» **Problem to work on**
Of the lines listed below, return exactly those that run from the line containing "8EB4352 South Dakota License Plate" through the line containing "A striking image", both included.

» **Extracted data entries**
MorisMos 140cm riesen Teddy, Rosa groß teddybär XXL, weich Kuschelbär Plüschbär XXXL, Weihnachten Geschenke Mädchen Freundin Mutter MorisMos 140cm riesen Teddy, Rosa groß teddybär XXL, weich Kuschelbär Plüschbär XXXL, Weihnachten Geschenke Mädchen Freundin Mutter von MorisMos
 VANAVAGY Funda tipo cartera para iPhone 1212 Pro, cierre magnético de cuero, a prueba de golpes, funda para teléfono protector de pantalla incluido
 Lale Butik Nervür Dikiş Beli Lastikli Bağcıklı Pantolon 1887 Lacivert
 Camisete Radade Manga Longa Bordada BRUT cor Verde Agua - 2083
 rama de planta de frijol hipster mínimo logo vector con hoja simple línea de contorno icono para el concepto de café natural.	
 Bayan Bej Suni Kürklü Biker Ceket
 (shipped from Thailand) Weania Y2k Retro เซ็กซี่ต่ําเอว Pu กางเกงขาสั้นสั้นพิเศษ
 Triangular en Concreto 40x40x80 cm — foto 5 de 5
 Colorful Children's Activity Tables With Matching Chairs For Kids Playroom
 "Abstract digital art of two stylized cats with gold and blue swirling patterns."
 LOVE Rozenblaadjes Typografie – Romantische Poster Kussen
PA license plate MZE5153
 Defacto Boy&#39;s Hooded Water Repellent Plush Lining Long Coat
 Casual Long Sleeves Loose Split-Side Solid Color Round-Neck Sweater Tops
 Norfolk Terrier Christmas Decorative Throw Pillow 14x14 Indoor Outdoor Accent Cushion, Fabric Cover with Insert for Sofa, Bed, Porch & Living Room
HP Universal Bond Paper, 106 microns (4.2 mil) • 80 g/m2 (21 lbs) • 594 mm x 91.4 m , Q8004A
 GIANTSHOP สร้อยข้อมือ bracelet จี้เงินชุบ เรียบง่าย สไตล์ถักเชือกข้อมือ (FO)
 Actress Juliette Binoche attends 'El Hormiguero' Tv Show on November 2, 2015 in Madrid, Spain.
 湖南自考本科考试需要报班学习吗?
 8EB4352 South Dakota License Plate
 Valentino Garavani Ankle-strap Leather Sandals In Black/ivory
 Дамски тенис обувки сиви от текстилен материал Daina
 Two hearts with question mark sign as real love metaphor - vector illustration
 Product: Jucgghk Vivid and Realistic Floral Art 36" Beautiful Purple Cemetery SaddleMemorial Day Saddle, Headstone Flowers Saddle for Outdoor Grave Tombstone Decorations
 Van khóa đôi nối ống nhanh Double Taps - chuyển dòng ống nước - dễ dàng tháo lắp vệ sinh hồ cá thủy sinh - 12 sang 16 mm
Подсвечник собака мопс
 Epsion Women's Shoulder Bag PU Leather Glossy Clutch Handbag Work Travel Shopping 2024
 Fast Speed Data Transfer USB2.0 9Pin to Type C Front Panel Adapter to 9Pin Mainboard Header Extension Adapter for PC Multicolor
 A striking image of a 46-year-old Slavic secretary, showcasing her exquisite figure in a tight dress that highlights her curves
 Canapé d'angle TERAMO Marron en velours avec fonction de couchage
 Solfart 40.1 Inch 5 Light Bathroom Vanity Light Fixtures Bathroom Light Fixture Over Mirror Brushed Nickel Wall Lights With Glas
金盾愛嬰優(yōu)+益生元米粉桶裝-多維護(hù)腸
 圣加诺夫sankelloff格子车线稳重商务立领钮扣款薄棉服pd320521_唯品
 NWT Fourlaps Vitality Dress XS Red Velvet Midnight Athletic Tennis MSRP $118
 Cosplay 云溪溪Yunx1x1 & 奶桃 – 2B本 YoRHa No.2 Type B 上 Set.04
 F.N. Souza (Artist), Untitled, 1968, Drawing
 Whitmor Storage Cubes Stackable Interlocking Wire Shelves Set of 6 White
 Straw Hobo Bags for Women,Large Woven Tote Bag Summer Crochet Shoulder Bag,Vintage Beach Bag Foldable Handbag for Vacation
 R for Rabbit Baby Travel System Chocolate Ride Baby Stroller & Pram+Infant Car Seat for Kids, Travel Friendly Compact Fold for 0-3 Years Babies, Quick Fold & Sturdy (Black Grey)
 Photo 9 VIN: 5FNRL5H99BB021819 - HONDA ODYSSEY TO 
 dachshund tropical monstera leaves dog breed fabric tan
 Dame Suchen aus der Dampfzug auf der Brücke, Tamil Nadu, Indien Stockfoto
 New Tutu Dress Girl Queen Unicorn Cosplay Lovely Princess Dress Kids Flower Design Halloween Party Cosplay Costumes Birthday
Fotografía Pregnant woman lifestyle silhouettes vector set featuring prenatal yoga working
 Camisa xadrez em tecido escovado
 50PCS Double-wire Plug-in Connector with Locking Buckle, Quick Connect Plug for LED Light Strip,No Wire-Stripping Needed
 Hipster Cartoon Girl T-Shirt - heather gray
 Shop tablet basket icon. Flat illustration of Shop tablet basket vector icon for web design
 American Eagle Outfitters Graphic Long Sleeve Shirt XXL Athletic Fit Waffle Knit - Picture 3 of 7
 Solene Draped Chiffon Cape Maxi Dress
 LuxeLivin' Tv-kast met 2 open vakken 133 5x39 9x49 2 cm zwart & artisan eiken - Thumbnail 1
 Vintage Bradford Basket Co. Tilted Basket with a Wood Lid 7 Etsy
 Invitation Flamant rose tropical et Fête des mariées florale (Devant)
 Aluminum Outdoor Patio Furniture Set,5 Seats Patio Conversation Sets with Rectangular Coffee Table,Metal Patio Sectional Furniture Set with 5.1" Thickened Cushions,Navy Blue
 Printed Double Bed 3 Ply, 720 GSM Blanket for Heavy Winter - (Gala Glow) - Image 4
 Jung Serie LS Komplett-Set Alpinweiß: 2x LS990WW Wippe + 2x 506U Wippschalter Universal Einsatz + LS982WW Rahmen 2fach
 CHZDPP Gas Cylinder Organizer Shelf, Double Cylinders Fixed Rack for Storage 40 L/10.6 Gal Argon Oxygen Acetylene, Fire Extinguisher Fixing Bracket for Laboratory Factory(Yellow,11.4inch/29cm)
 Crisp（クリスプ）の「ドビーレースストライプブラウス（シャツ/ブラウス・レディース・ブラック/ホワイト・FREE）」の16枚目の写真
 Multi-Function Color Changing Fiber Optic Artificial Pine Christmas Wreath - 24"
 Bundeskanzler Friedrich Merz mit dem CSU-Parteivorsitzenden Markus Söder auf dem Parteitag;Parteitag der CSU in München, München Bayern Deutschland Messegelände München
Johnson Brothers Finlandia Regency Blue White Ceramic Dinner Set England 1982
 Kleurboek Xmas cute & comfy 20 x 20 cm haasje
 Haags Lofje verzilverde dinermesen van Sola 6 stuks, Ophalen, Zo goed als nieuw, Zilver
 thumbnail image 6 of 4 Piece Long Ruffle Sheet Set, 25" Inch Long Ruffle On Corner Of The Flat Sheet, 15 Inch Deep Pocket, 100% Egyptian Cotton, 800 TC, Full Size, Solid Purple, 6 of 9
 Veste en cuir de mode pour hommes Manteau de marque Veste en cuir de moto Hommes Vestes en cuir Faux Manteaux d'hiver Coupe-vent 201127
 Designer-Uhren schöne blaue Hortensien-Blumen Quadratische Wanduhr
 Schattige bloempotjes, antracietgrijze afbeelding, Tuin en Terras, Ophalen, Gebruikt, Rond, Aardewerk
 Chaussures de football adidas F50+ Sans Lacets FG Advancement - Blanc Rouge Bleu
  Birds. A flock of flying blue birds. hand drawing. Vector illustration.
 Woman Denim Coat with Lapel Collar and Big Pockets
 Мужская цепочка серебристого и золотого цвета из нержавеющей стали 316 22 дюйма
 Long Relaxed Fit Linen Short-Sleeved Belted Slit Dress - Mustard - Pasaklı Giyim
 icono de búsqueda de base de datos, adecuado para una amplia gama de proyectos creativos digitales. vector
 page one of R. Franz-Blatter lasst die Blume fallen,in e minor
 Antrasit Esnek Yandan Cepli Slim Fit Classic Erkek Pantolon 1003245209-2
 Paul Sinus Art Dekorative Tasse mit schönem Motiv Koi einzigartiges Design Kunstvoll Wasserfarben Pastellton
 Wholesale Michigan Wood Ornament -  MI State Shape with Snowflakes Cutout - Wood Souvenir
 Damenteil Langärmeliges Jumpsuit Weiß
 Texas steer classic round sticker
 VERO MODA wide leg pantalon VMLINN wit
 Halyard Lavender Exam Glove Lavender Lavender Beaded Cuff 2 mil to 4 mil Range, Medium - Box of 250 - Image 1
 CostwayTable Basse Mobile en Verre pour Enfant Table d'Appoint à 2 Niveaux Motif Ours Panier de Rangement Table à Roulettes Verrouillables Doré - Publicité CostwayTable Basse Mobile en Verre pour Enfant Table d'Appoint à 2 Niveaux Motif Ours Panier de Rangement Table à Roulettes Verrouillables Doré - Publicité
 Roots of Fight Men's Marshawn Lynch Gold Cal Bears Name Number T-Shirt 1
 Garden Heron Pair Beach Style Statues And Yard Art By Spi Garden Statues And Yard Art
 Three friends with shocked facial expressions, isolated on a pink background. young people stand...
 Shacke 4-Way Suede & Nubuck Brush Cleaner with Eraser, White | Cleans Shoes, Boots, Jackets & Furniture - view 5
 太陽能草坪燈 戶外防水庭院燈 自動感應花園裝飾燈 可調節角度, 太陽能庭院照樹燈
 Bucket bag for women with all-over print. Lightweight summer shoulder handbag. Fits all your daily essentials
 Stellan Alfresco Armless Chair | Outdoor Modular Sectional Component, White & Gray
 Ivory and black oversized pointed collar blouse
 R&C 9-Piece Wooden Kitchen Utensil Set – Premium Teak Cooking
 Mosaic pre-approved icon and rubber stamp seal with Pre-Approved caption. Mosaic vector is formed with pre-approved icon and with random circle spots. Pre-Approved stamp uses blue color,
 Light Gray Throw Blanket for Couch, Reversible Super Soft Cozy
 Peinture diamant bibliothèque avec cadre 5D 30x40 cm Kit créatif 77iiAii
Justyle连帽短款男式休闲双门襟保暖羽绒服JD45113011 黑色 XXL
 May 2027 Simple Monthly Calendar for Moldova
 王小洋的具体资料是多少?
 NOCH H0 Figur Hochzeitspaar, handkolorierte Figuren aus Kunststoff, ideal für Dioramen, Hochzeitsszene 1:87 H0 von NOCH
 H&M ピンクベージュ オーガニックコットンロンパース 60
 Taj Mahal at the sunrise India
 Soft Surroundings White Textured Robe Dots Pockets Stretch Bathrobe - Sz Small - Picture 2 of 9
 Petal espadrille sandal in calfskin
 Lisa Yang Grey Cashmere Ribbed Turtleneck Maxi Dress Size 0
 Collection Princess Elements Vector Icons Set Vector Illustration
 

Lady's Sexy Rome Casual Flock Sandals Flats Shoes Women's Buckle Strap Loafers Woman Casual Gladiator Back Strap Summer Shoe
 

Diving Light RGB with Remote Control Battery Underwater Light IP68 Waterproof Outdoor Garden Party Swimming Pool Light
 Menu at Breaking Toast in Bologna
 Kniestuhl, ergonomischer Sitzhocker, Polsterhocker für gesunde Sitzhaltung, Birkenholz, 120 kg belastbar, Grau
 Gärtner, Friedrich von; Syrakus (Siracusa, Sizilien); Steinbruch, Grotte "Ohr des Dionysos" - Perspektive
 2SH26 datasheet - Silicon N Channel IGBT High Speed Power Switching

» **Solution**
 8EB4352 South Dakota License Plate
 Valentino Garavani Ankle-strap Leather Sandals In Black/ivory
 Дамски тенис обувки сиви от текстилен материал Daina
 Two hearts with question mark sign as real love metaphor - vector illustration
 Product: Jucgghk Vivid and Realistic Floral Art 36" Beautiful Purple Cemetery SaddleMemorial Day Saddle, Headstone Flowers Saddle for Outdoor Grave Tombstone Decorations
 Van khóa đôi nối ống nhanh Double Taps - chuyển dòng ống nước - dễ dàng tháo lắp vệ sinh hồ cá thủy sinh - 12 sang 16 mm
Подсвечник собака мопс
 Epsion Women's Shoulder Bag PU Leather Glossy Clutch Handbag Work Travel Shopping 2024
 Fast Speed Data Transfer USB2.0 9Pin to Type C Front Panel Adapter to 9Pin Mainboard Header Extension Adapter for PC Multicolor
 A striking image of a 46-year-old Slavic secretary, showcasing her exquisite figure in a tight dress that highlights her curves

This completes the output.